---------- Information provided ----------

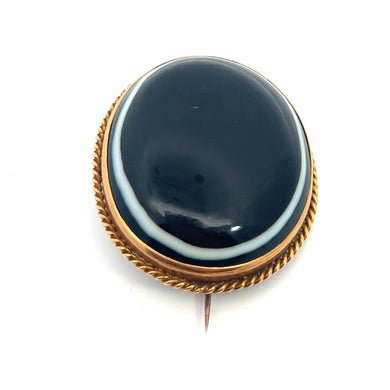 The Victorian 22kt Yellow Gold Bullseye Agate Brooch showcases a polished black onyx stone, elegantly encased in a golden, rope-style border. Crafted from 22kt yellow gold, it features a simple pin clasp at the back for fastening.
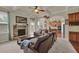 Cozy living room with a stone fireplace, beamed ceilings, and view to kitchen at 6370 Stillwood Ln, Cumming, GA 30041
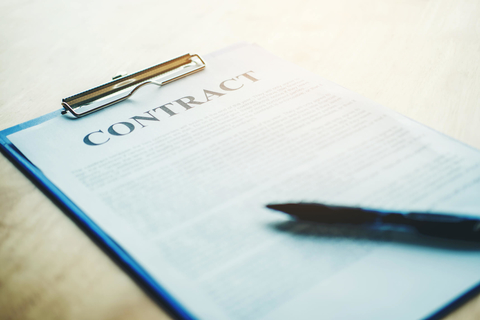 Business contract on a clipboard Pen on a business contract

----------

Task details:
Return the lines exactly, from the one containing "Cozy living room" through the last line above, including both ends and excluding every picture.

The completed task:
 Cozy living room with a stone fireplace, beamed ceilings, and view to kitchen at 6370 Stillwood Ln, Cumming, GA 30041
 Business contract on a clipboard Pen on a business contract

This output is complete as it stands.